あまり読み進められないので他に何か読むものはないかと本棚を探ったら大塚ひかり『美男の立身、ブ男の逆襲』(文春新書,2005)が出て来た。古典文学に表れる美醜をネタに各時代において「美―醜」がどのように見られていたか、というのを見ようという試みだが、どうもなんだか俗情に結託しすぎていて品がなく、以前読んだときは途中で投げ出してしまった。しかし今回『文豪の古典力』を読んだ後で読んでみると作者のこだわりのようなものも客観的に見られるようになっていて、つまらないところは投げ捨てて興味深いところをピックアップして心に取り入れることが出来るようになっていてそれなりに面白く読めている。

特に面白いと思ったのは「学者」というものを批判しているくだりで、こういうネタはなかなか学者には書けない。著者の学者観と言うのは「自分以外はみんな馬鹿だとみなしているような、傲慢で排他的で、攻撃的な人」であり、「子どもっぽくて自己中心的で、ほとんど怨念で生きているような人たち」であり、「ほとほと特権意識のかたまりのような人たち」というものである。しかし一方で、「彼らのぐつぐつと煮えくりかえるマグマのような、莫大な精神的エネルギーに対して、正直言って畏敬の念と共感のようなものを感じ」、「学者の多くが人を小ばかにするのが得意な、ゆがんだ精神の持ち主」だと思う一方、「いったんタガが外れると、そのはじけ具合は尋常ならざるものがあって、つきあいようによっては、純粋で正直で刺激的な人たちで」あり、「学者のアクや毒々しさにもまた、捨てがたい『負の魅力』というべきものを感じ」る、というわけである。まあこれだけ読んでいただければ十分感じられると思うが、表現に品はないが知的ではあり、正直な筆致ではあるが読んでいるとだんだん嫌悪感を感じる文章ではある。

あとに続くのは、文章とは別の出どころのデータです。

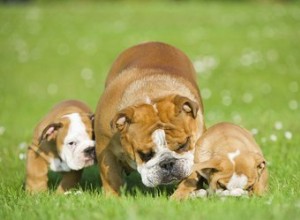 犬が出産した兆候 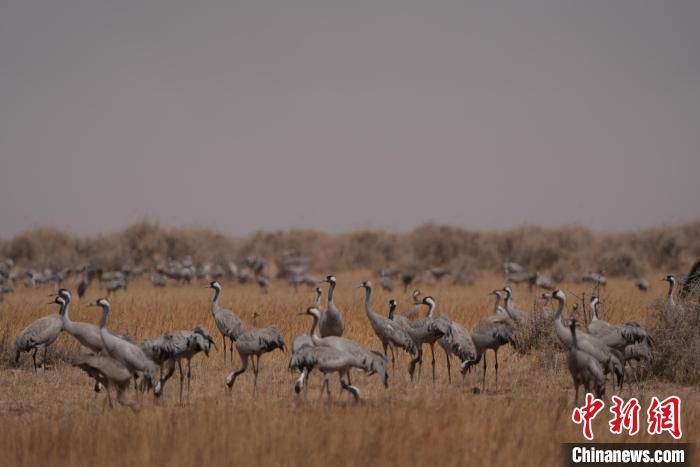圖為灰鶴?！∠葘m 攝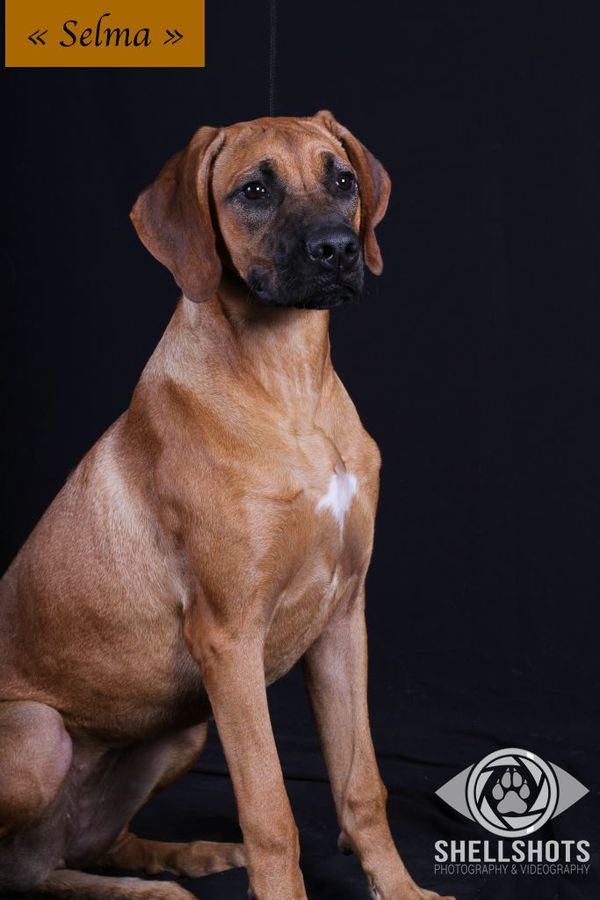 OUR GIRL SELMA, FIFTH GENERATION BLACK MASKED DEEP RED, AKA MOHAGONY OR IRISH SETTER RED COAT, MY EARLY FAVORITE!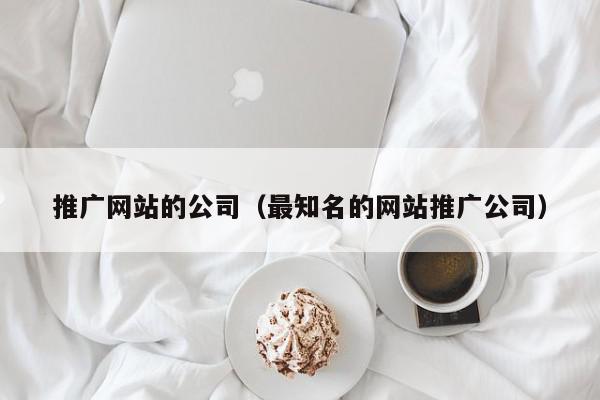 集成的网站推广策略：从搜索引擎优化到社交媒体营销 (集成的网站推荐有哪些)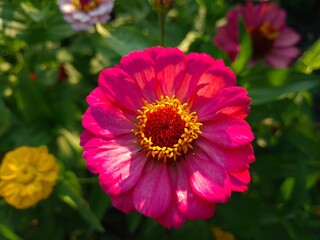 Violet Yellow Zinnia in Full Bloom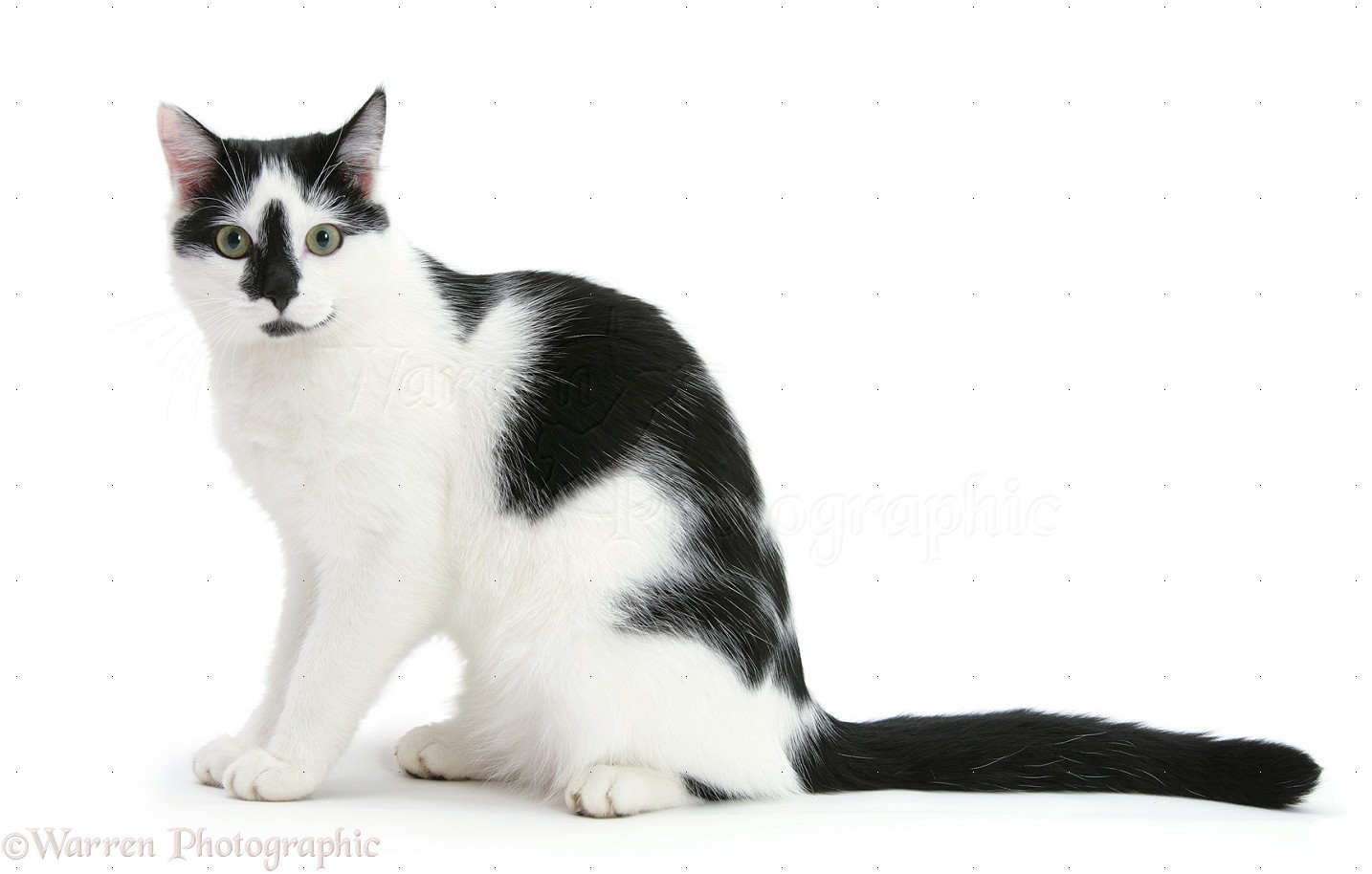 Black-and-white cat photo WP18716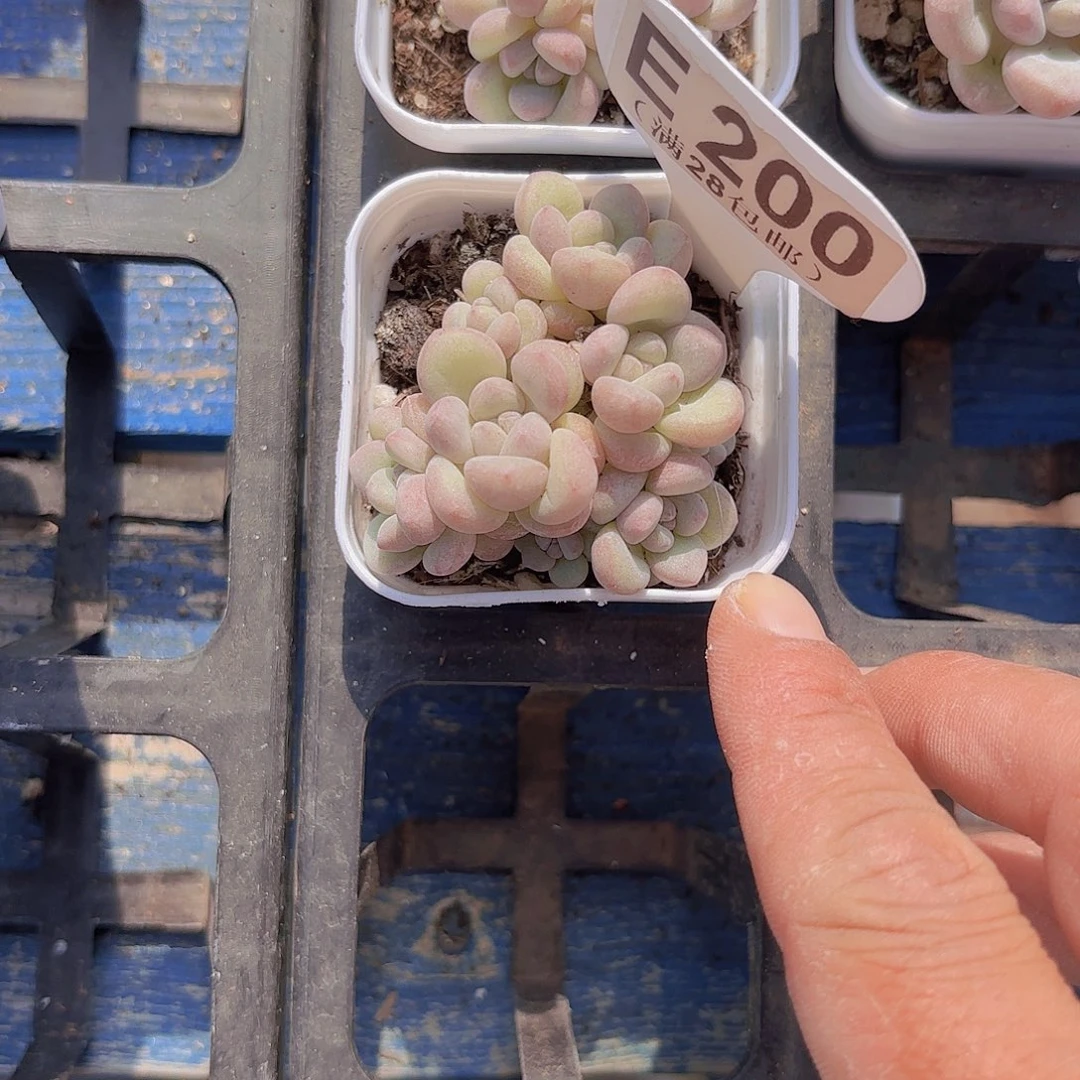 E200泡泡糖一物一拍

この小文を読んでおられる「学者」の方々に気を使うわけではないが、私が現実に出会った学者の方々はもっと健全な常識をもった社会人であられる方が多いように思う。しかしどこかに上に述べたようなものの片鱗が感じられる方も時折はおられることは事実だと思う。そうした学者の「パワー」のようなものがもっとも発揮されたのが平安初期の菅原道真らの時代であるという話はなかなか面白かった。

「皇族でも大貴族出身でもない道真が、畏れと信仰の対象になったのは、道真の偉大さと左遷の不当さを物語るとともに、学者の恨みというのは常人をはるかに超える深さと執念深さをもっているのだという共通認識があったからではないか。(中略)とりわけそこに立身出世や賞罰が絡んできたりすると、学者の怨念はほとんど生きるエネルギーと化す」というくだりには笑ってしまった。「学者の律儀さや執念深さ、世俗性と同時に神秘性」があるという評価の仕方はなるほどと思う。平安後期の文学では大体学者は笑いものにされていることが多いと思う。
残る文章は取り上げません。